[WHAT TO WORK ON] Transcribe nothing except the lines below that run from the one with "[second life]white rectangular" to the one with "Group of Dalmatian", ends included, and do not copy any picture.

[WORKING DATA]
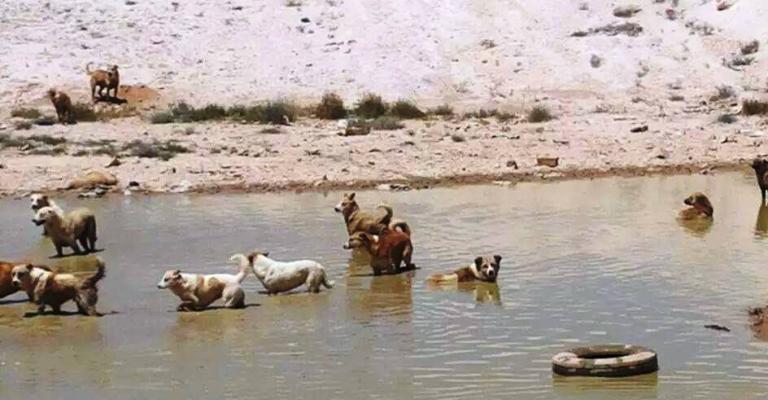 قطعان الكلاب الضالة تغزو الظليل وتعقر اربعة مواطنين خلال اسبوعين قطعان الكلاب الضالة تغزو الظليل وتعقر اربعة مواطنين خلال اسبوعين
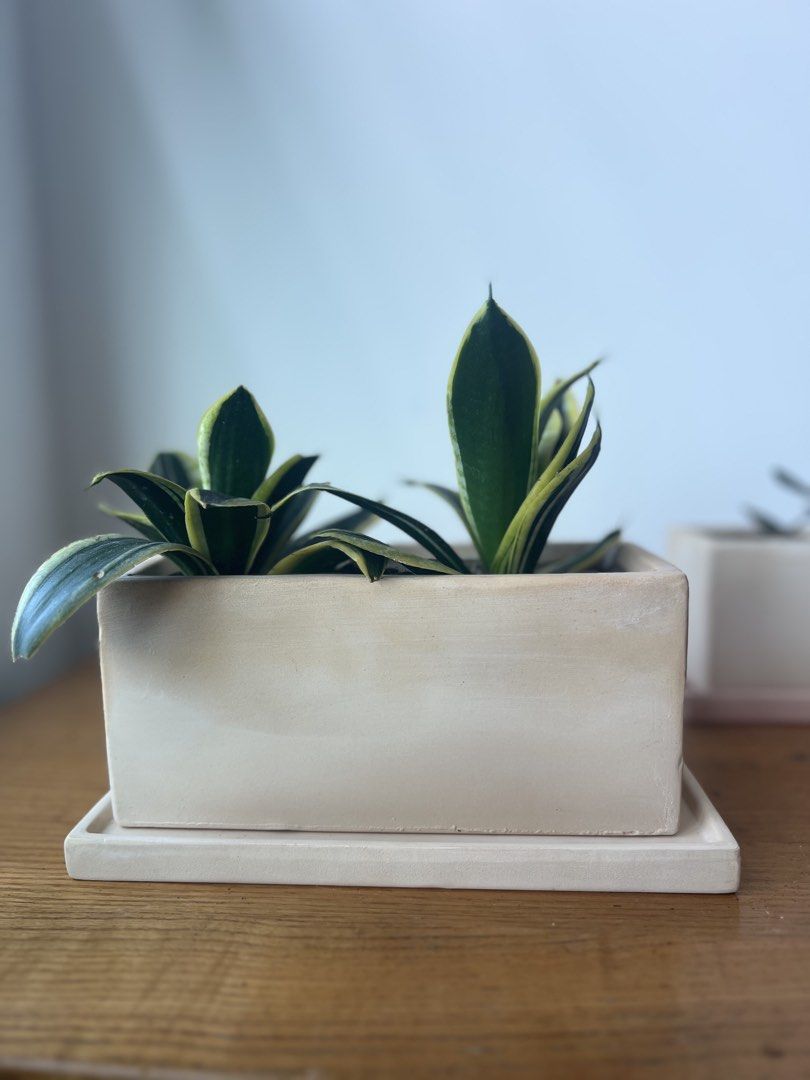 [second life]white rectangular planter with 2 x snake plant Hanii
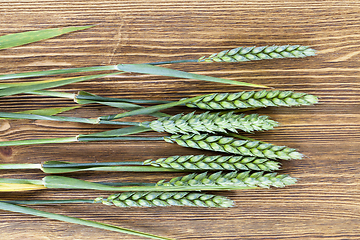 Image showing green ears of wheat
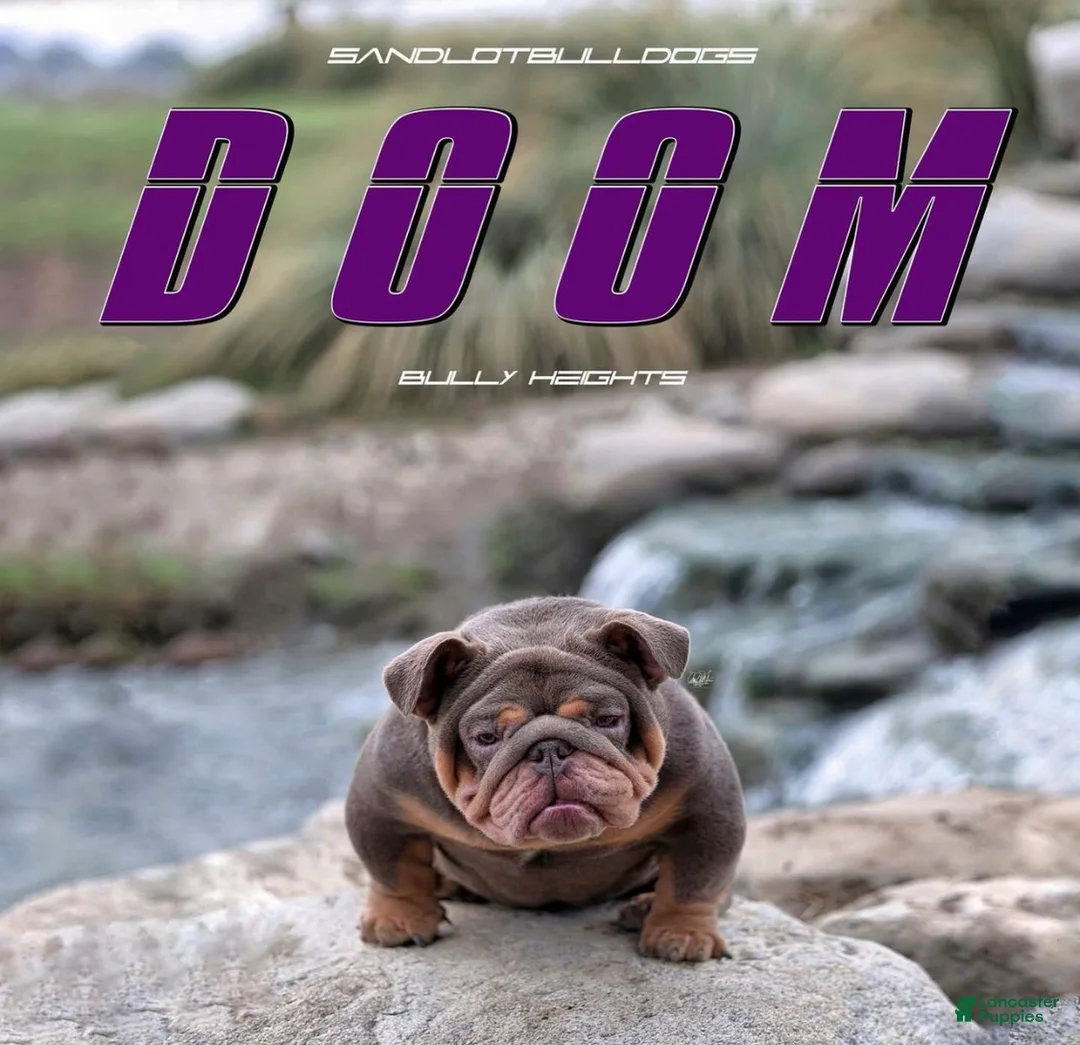 English Bulldog dogs for sale: English Bulldog Puppy 1 - Ad 2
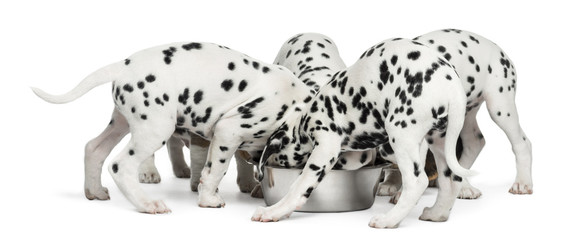 Group of Dalmatian puppies eating all together, isolated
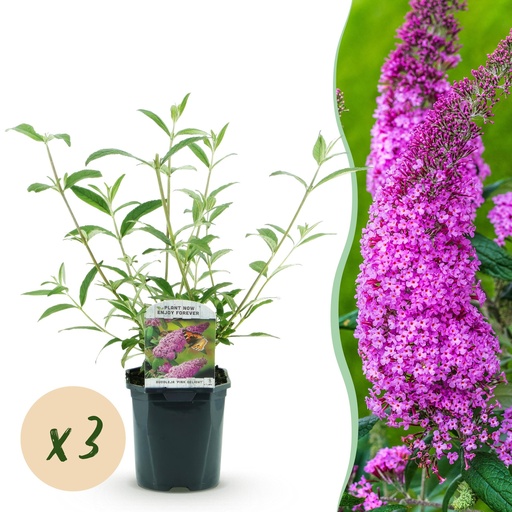 "Garden Plant - Buddleja davidii Pink Delight - Butterfly Bush - Hardy - Pink - 3 Plants - Pot 17cm - Height 45cm image"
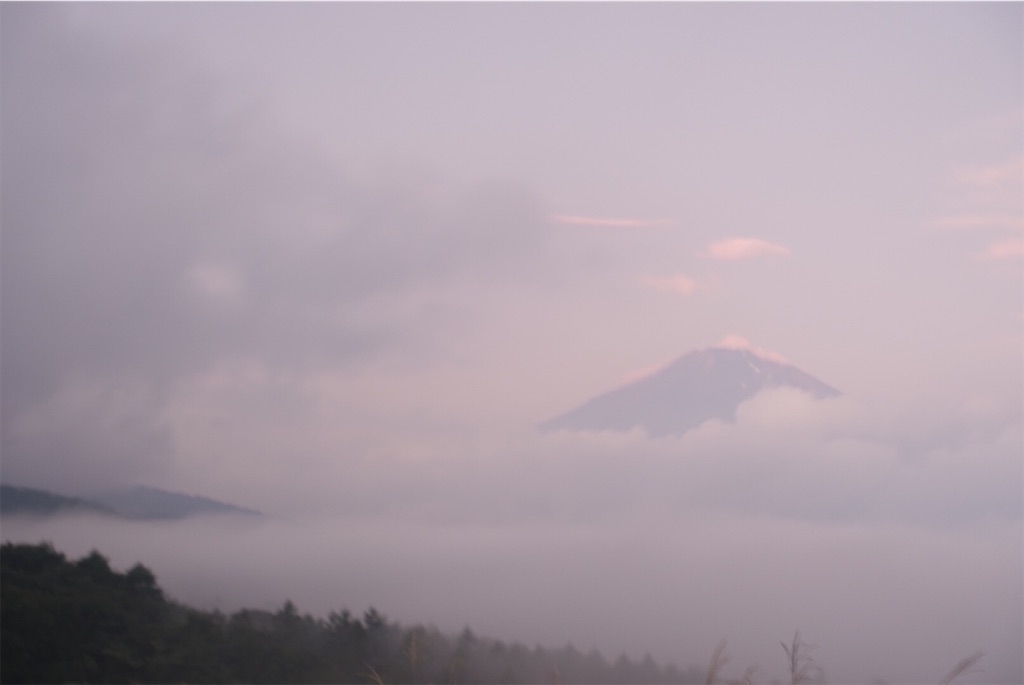 f:id:terako0322:20190911152652j:image f:id:terako0322:20190911152652j:image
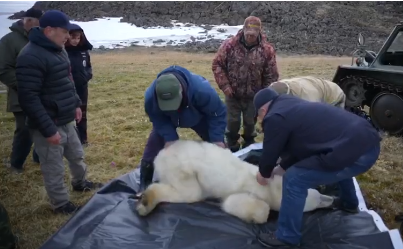 Белую медведицу спасли и вернули в среду обитания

[ANSWER FOR THE TASK]
 [second life]white rectangular planter with 2 x snake plant Hanii
 Image showing green ears of wheat
 English Bulldog dogs for sale: English Bulldog Puppy 1 - Ad 2
 Group of Dalmatian puppies eating all together, isolated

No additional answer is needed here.